Below are records with pictures. Transcribe exactly, and only, the lines from the line with "Ein allgemeiner Bergblick" to the line with "7048 King Street Property Photo 11", both ends included, but not the pictures.

-- SOURCE DATA follows --

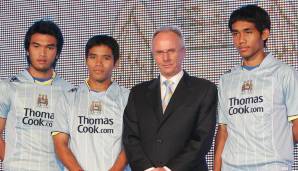 Musste gute Miene zum bösen Spiel machen: City-Manager Sven-Göran Eriksson und seine drei Neuzugänge aus Thailand.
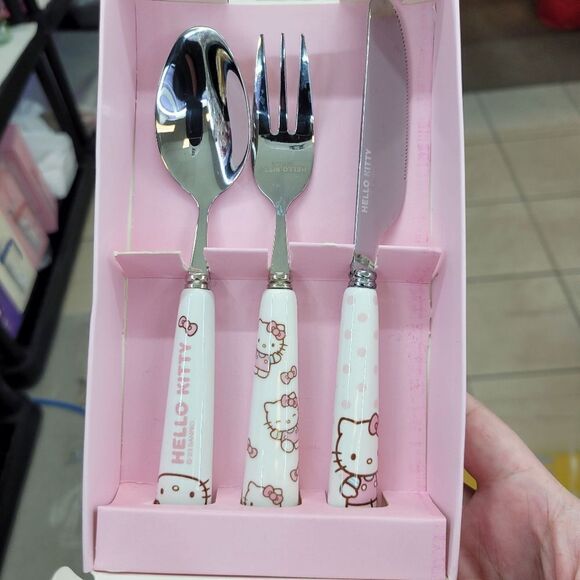 Brand New Sanrio Hello Kitty Dinnerware Set - Picture 2 of 8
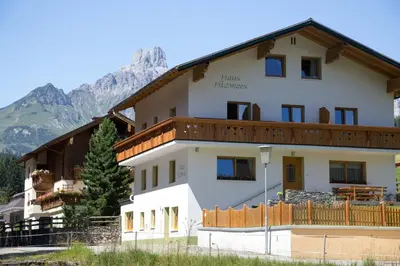 Ein allgemeiner Bergblick oder ein Berglick von der Ferienwohnung aus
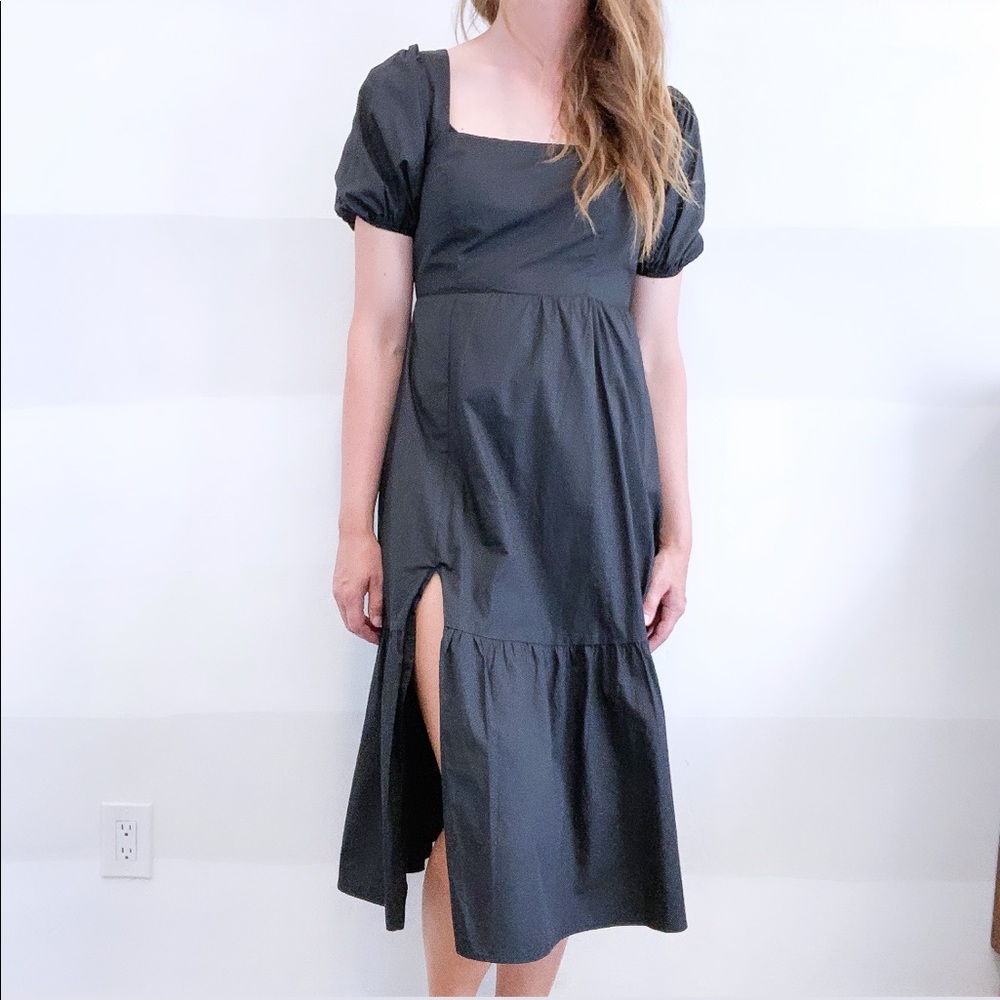ASTR Poplin Black Tiered Side Slit Smocked Puff Sleeve Midi Dress Sz S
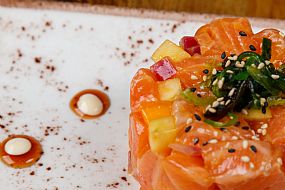 kalisushi-es_Kali_sushi_bar_Tartar_Tartar_salmon_0006.jpg | Productos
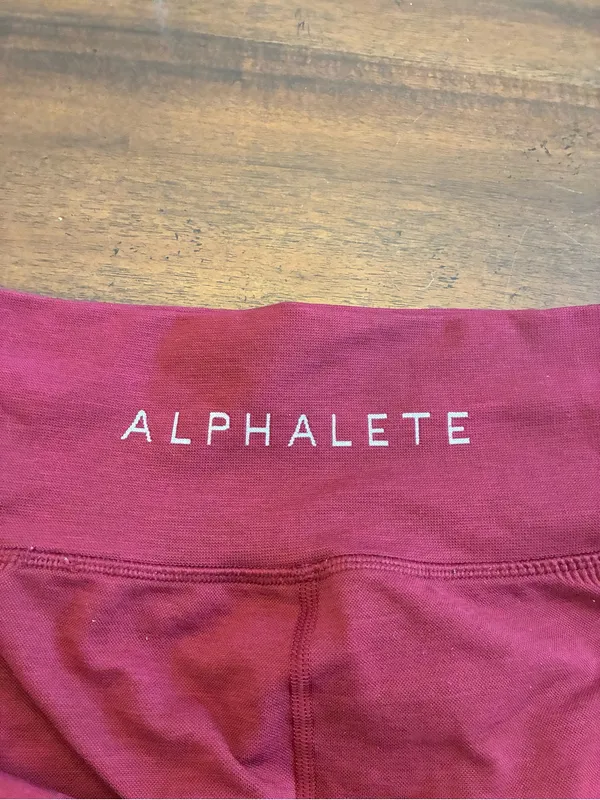 Alphalete Leggings Women’s Medium Red Burgundy Full Length Athletic Mild Pilling - Image 4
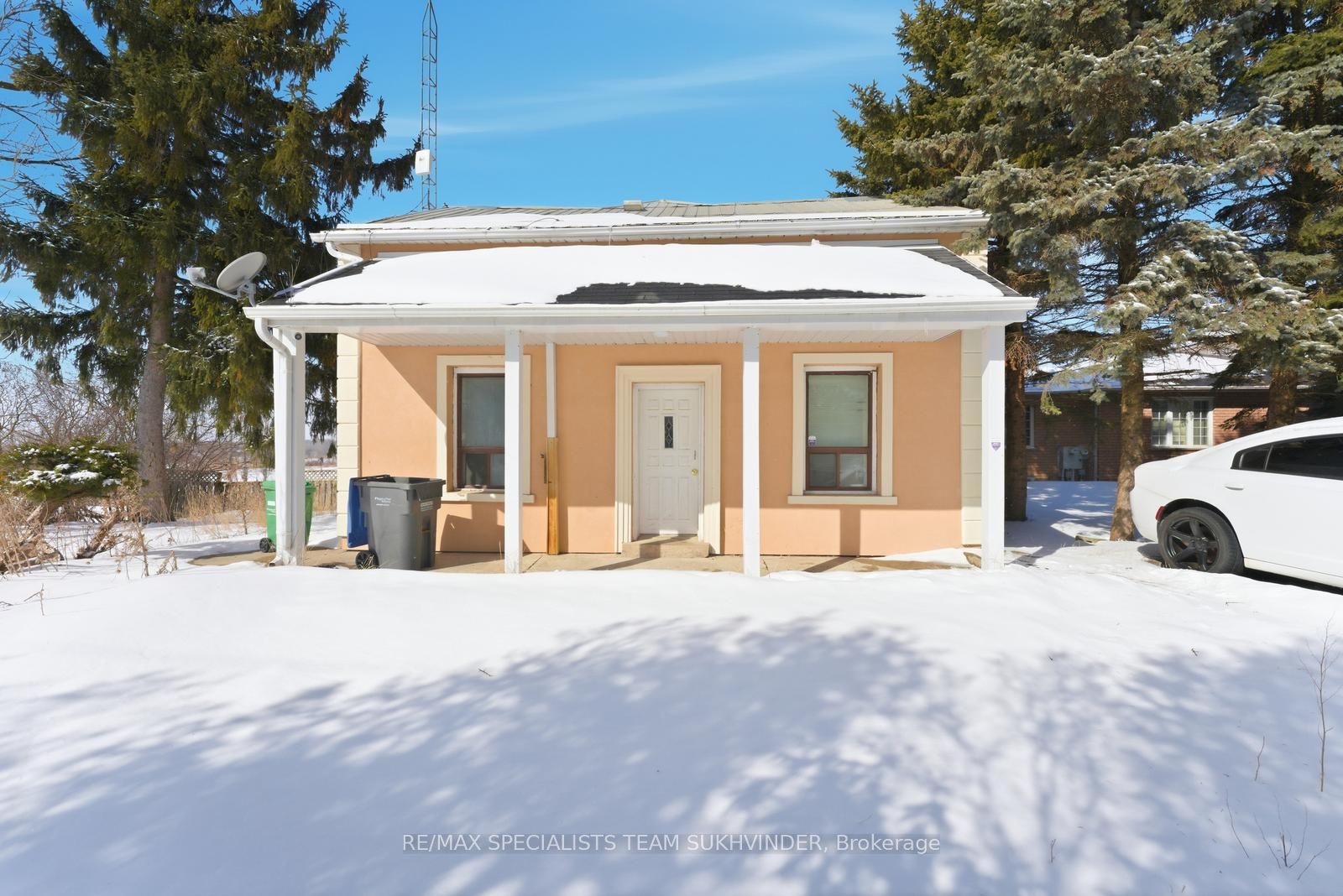 7048 King Street Property Photo 11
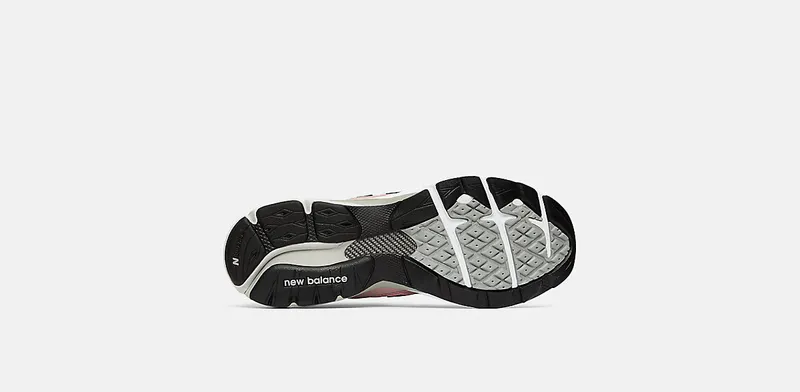 New Balance 920 MiUK Pink Grey (M920PNK)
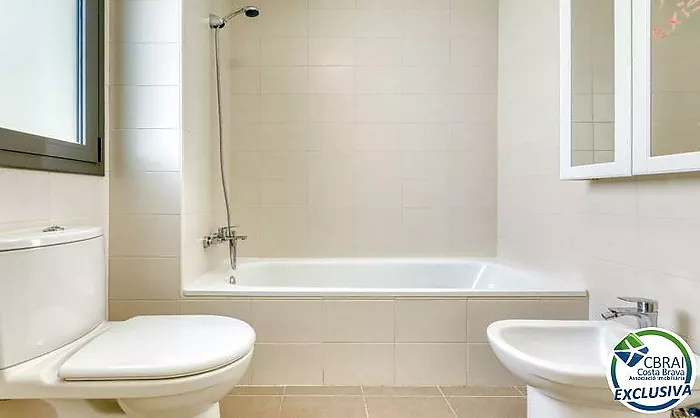 Penthouse duplex with panoramic terrace in Figueres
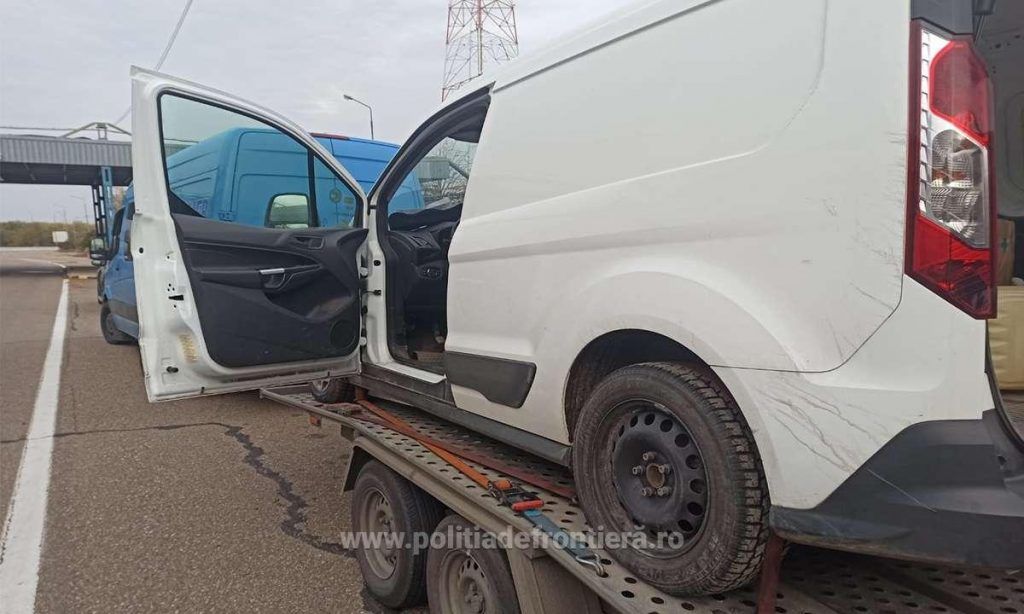 На границе с Румынией в микроавтобусе гражданина Молдовы нашли патроны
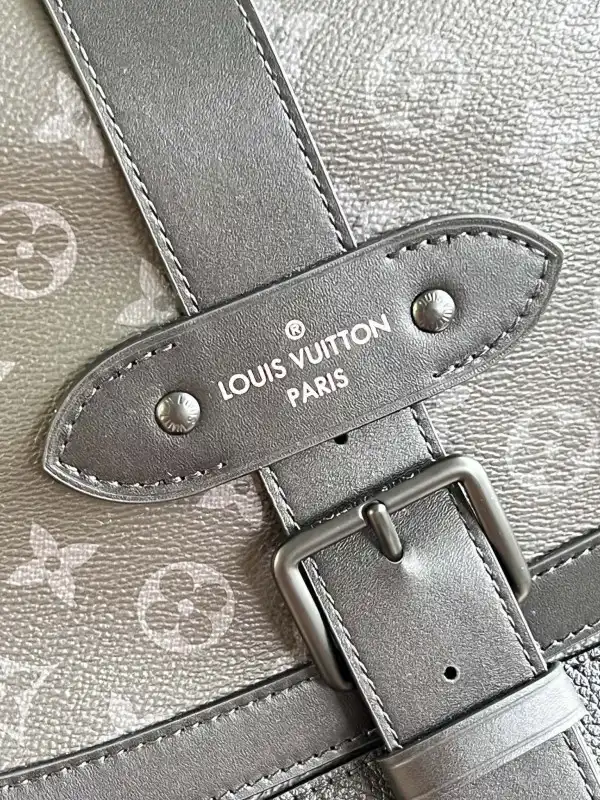 LOUIS VUITTON SAUMUR MESSENGER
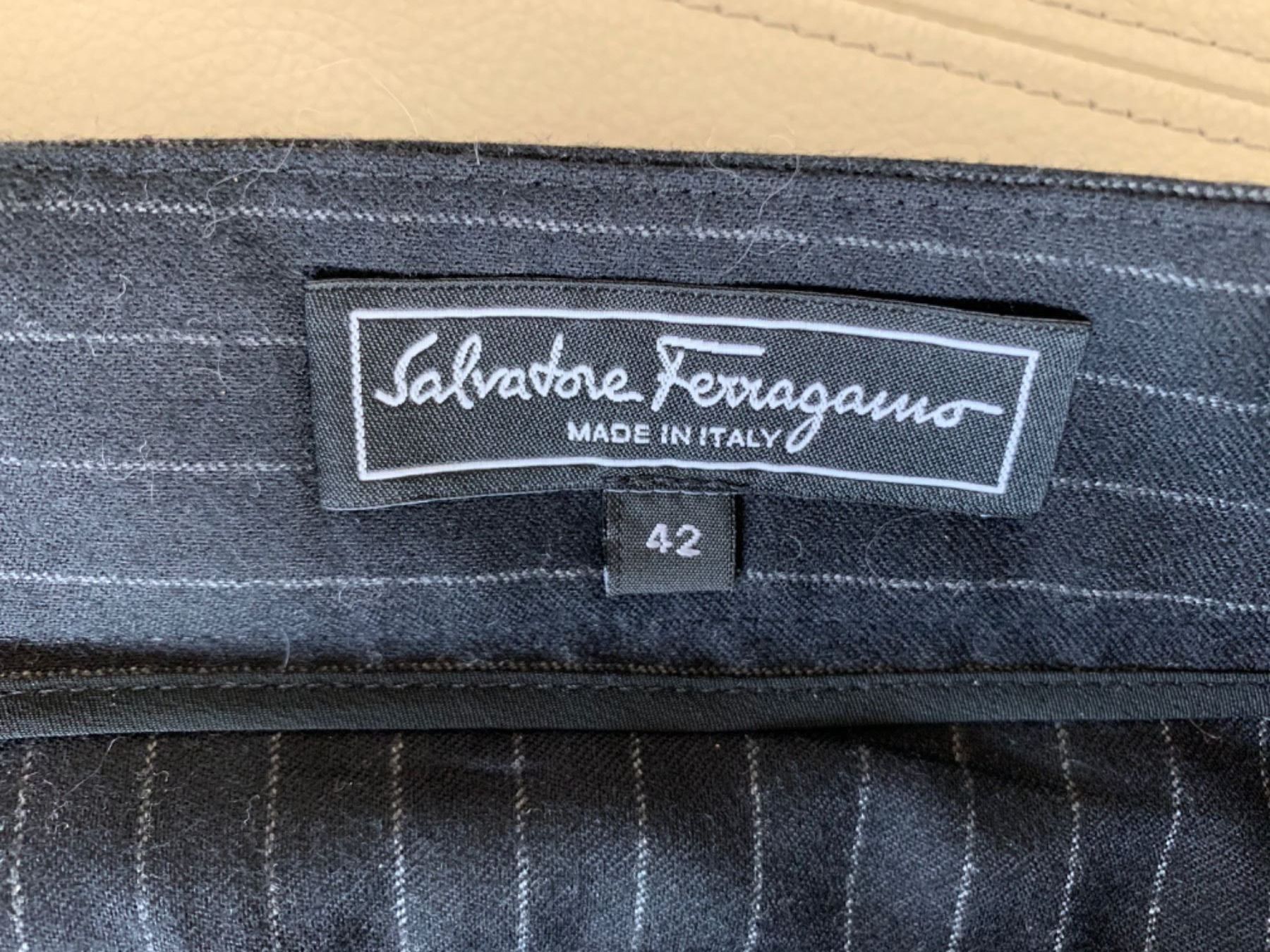 Salvatore Ferragamo Gonne: Salvatore Ferragamo Jupe – Nuovo (secondo la descrizione) da Hombrechtikon venduto da Herbstsonne 8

-- SOURCE DATA concluded --

RESULT:
 Ein allgemeiner Bergblick oder ein Berglick von der Ferienwohnung aus
ASTR Poplin Black Tiered Side Slit Smocked Puff Sleeve Midi Dress Sz S
 kalisushi-es_Kali_sushi_bar_Tartar_Tartar_salmon_0006.jpg | Productos
 Alphalete Leggings Women’s Medium Red Burgundy Full Length Athletic Mild Pilling - Image 4
 7048 King Street Property Photo 11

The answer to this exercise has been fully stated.